#### Exercise description:
In the data below, find the line with "Audrey 限定M Size 大鐵罐 (14 件裝)+原裝花花紙袋" and output it along with every later line, exactly, but not the pictures.

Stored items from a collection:
+-------+

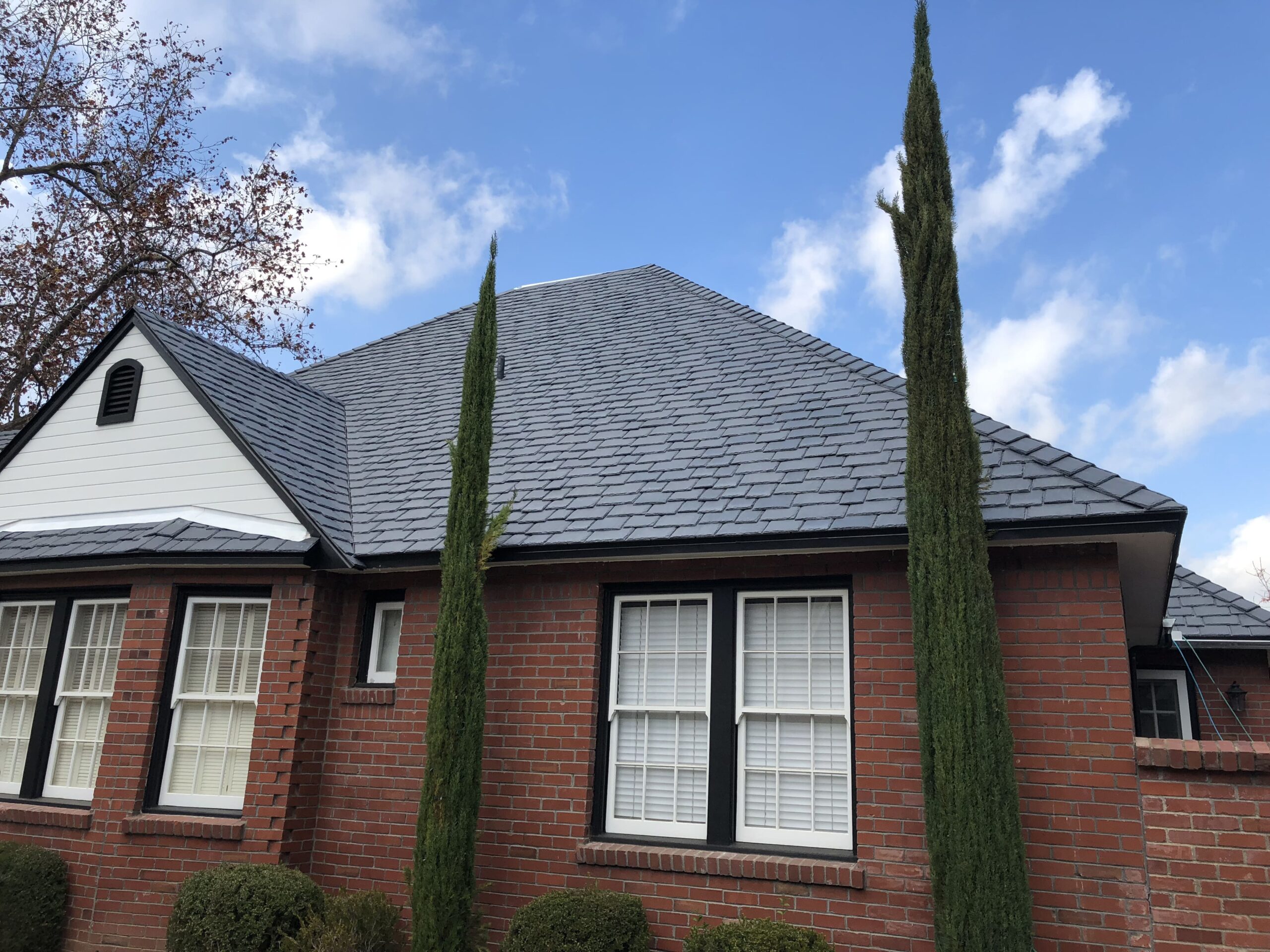 fixed roofing tiles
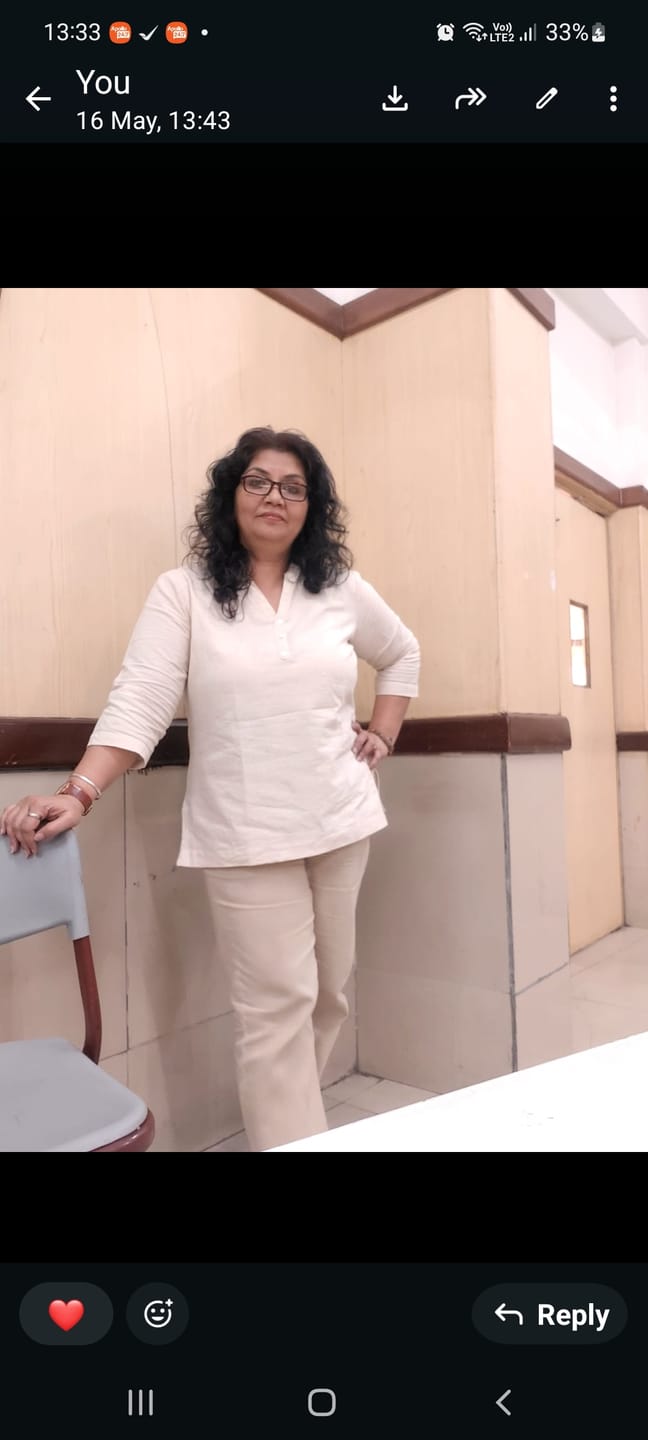 Customer photo review of Women Ecru Airy Linen Short Kurta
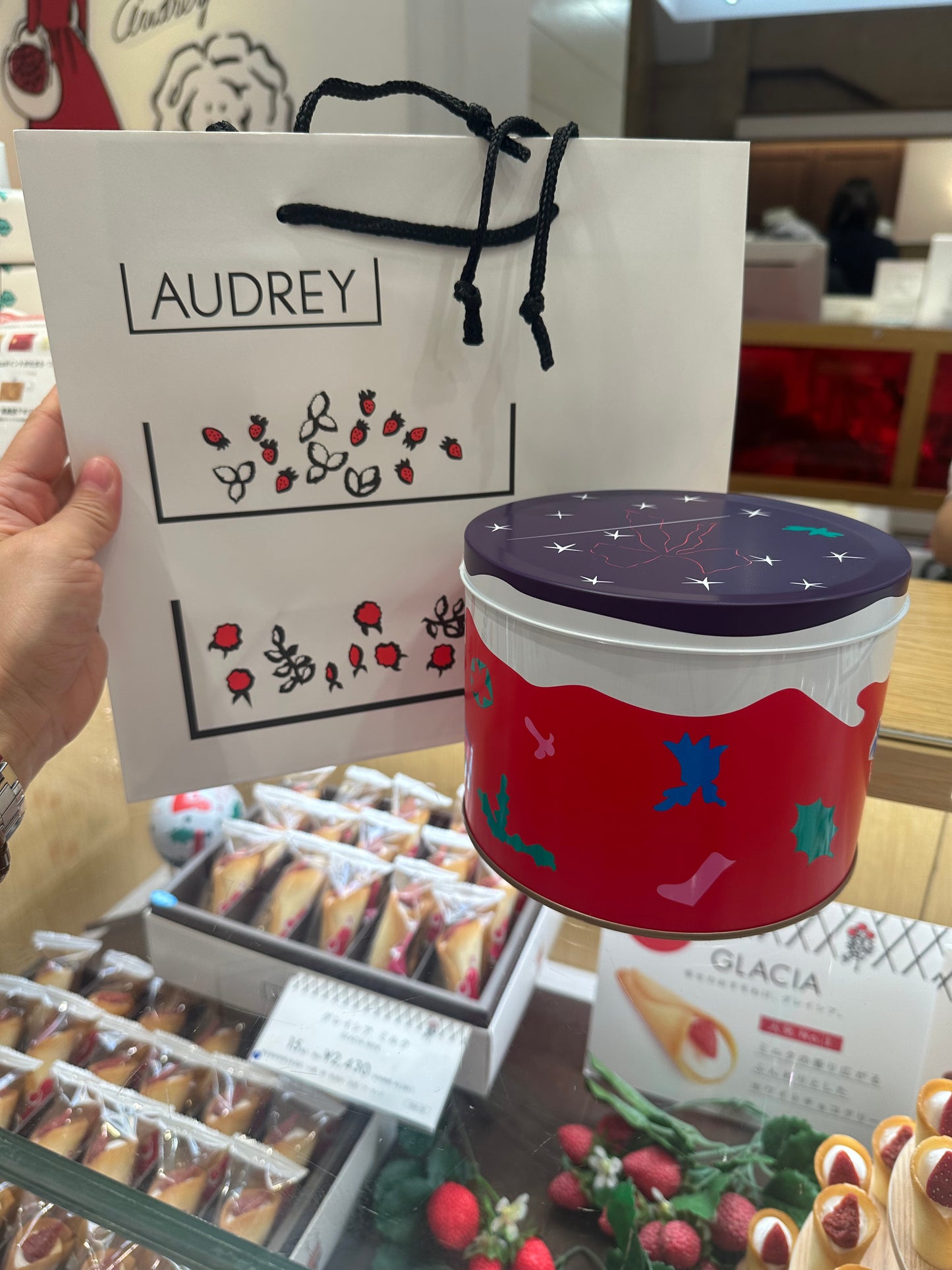 Audrey 限定M Size 大鐵罐 (14 件裝)+原裝花花紙袋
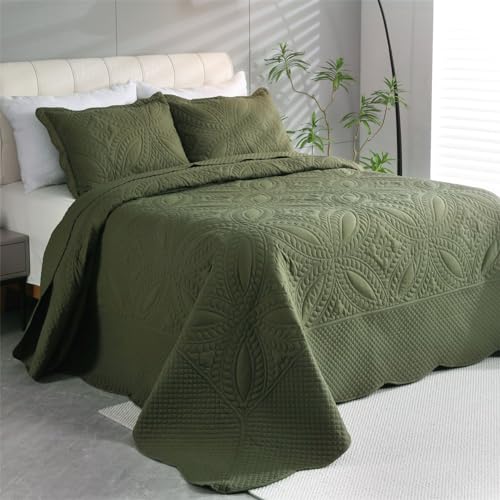 Cmfshape Oversize King Bedspread 120"x120",3 Piece California King Quilt Set,Lightweight Olive-Green Bedding Quilt Set for All Season,Modern Geometric Pattern Bed Set - Image 1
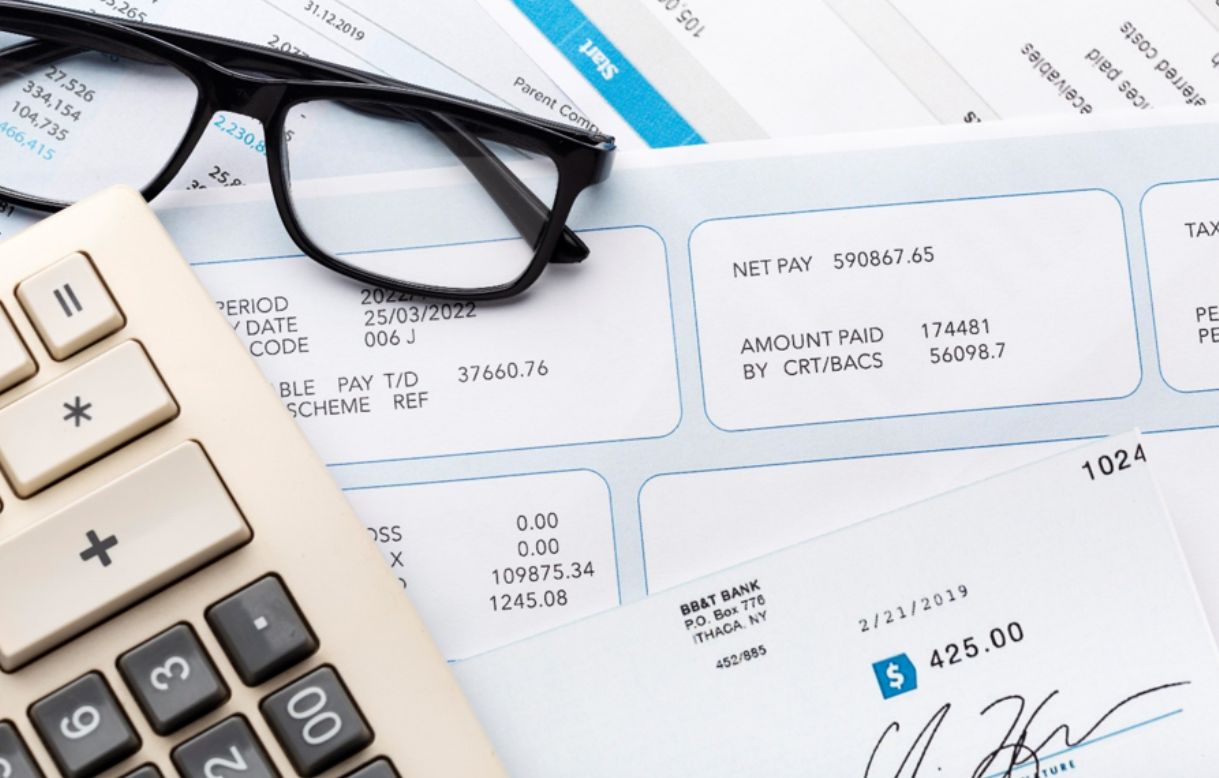 " Assurez la gestion précise et légale des salaires de vos employés. Easy Expert à Créteil garantit des fiches de paie conformes aux normes en vigueur, adaptées à votre convention collective et à vos besoins RH ".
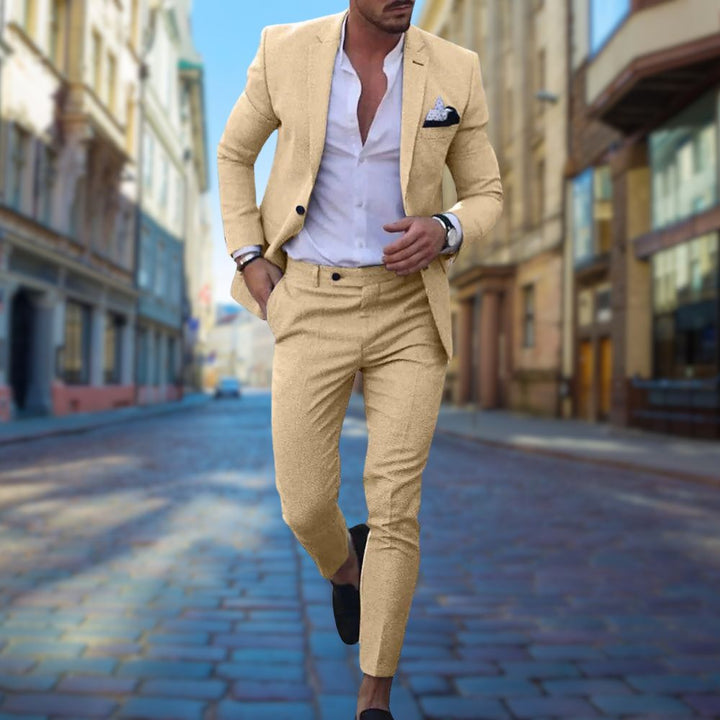 Man i en elegant kakifärgad slim fit kostym på en gata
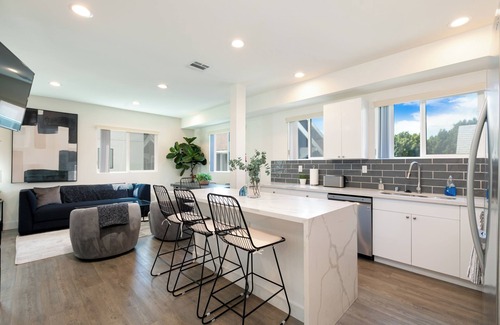 Pico-Union House | Modern construction with chic decor, conveniently located near Downtown and Hollywood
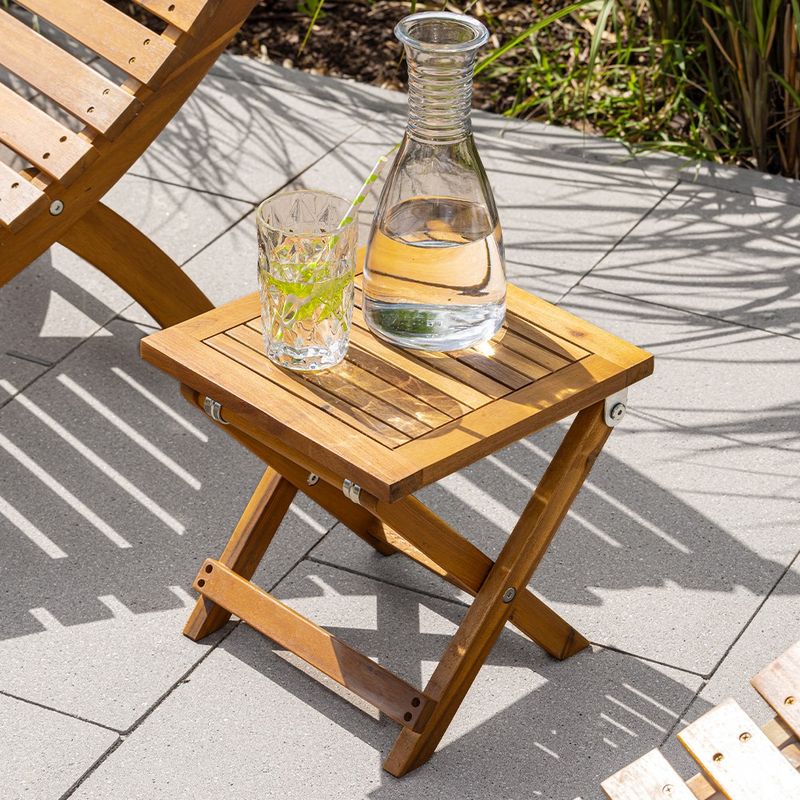 Casa si Gradina - Gradina si terasa - Mobilier exterior - Scaune si sezlonguri gradina - Set 2 sezlonguri pliabile cu masa, perne reversibile de culoare rosu sau gri, lemn de salcam, 180x54x63 cm, maro - Infinity.ro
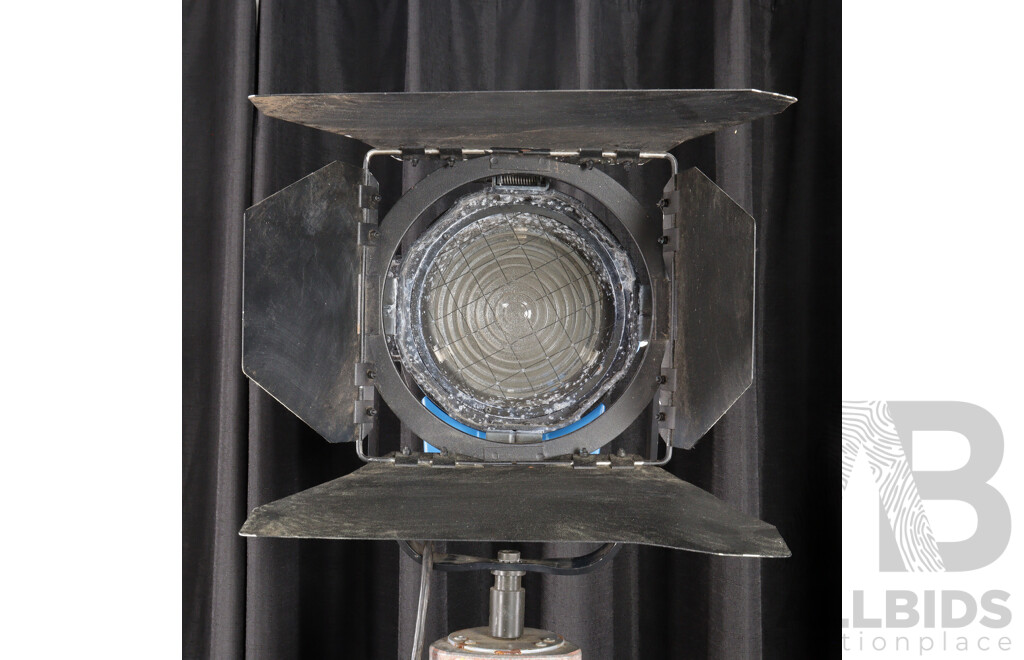 Vintage ARRI 1000 Plus Light with Fresnel Lens on Tripod Base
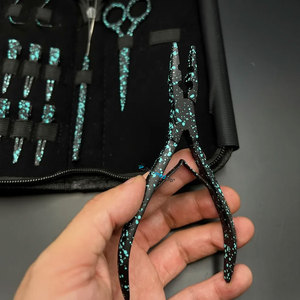 Kit d'outils professionnels en acier inoxydable noir pour extensions de cheveux : pinces, ciseaux à nouer manuellement, pinces de sectionnement, boucles pour - Product Image 2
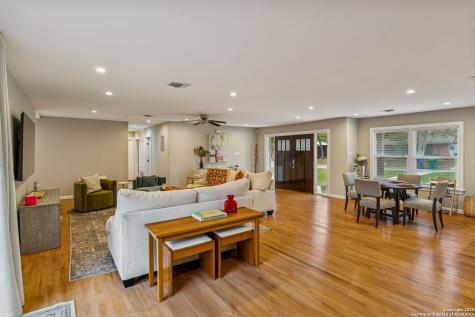 119 Blakeley Drive San Antonio TX 78209
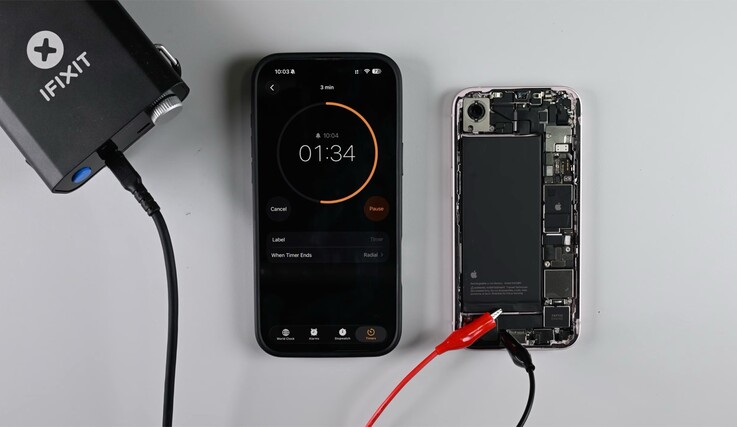 Az iPhone 17e akkumulátorát úgy lehet eltávolítani, hogy alacsony feszültséget alkalmazunk a ragasztóanyag feloldásához.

+-------+

#### Output below:
 Audrey 限定M Size 大鐵罐 (14 件裝)+原裝花花紙袋
 Cmfshape Oversize King Bedspread 120"x120",3 Piece California King Quilt Set,Lightweight Olive-Green Bedding Quilt Set for All Season,Modern Geometric Pattern Bed Set - Image 1
 " Assurez la gestion précise et légale des salaires de vos employés. Easy Expert à Créteil garantit des fiches de paie conformes aux normes en vigueur, adaptées à votre convention collective et à vos besoins RH ".
 Man i en elegant kakifärgad slim fit kostym på en gata
 Pico-Union House | Modern construction with chic decor, conveniently located near Downtown and Hollywood
 Casa si Gradina - Gradina si terasa - Mobilier exterior - Scaune si sezlonguri gradina - Set 2 sezlonguri pliabile cu masa, perne reversibile de culoare rosu sau gri, lemn de salcam, 180x54x63 cm, maro - Infinity.ro
 Vintage ARRI 1000 Plus Light with Fresnel Lens on Tripod Base
 Kit d'outils professionnels en acier inoxydable noir pour extensions de cheveux : pinces, ciseaux à nouer manuellement, pinces de sectionnement, boucles pour - Product Image 2
 119 Blakeley Drive San Antonio TX 78209
 Az iPhone 17e akkumulátorát úgy lehet eltávolítani, hogy alacsony feszültséget alkalmazunk a ragasztóanyag feloldásához.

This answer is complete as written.